Welcome to the Benefice of Hazelbury Bryan and the Hillside Parishes 
of 
Belchalwell, Fifehead Neville, 
 Ibberton, Mappowder and Woolland

 

The Parish of St Peter and St Paul at Mappowder

 

Mappowder is a village of some seventy houses, including outlying farms (population about a hundred and seventy). The centre of the village is listed as a conservation area. For most of the 20th century, the village economy was dependent on the dairy farming industry with a number of small farms. As farming has changed with farms becoming larger units, their number has decreased. The population is now a mix of those who have chosen to come and retire in the village and those who earn their livings elsewhere, with a few of the original village families still left. There is a very small number of children and teenagers who travel outside the village to schools. There are nine on the fairer share count. The church is dedicated to St Peter and St Paul.

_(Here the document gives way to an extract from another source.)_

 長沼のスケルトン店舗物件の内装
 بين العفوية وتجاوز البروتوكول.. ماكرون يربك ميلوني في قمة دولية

The congregation is drawn from the whole Benefice and numbers attending services have been slowly reducing, the best attended service being monthly Morning Praise with usually between twelve and sixteen people, including the Benefice choir. The monthly communion service (alternate months Book of Common Prayer, and Common Worship) normally attracts between six and eight. The church is generally well attended for the Christmas Eve Carol Service and, reflecting its farming origins, the Harvest Festival. The local churchgoers are a lively group, actively involved in village matters, including events at the village hall and the production of a monthly village newsletter. The church itself is a mixture of medieval and Victorian. The church and its environs are well maintained on a routine basis thanks to the efforts of a small band of people, not all of whom are church goers. A Quinquennial review was carried out in 2019 and recommendations are being acted upon and reviewed. The bells were re-hung at the millennium, using an anonymous donation, and there is an enthusiastic team of bellringers drawn from the surrounding villages.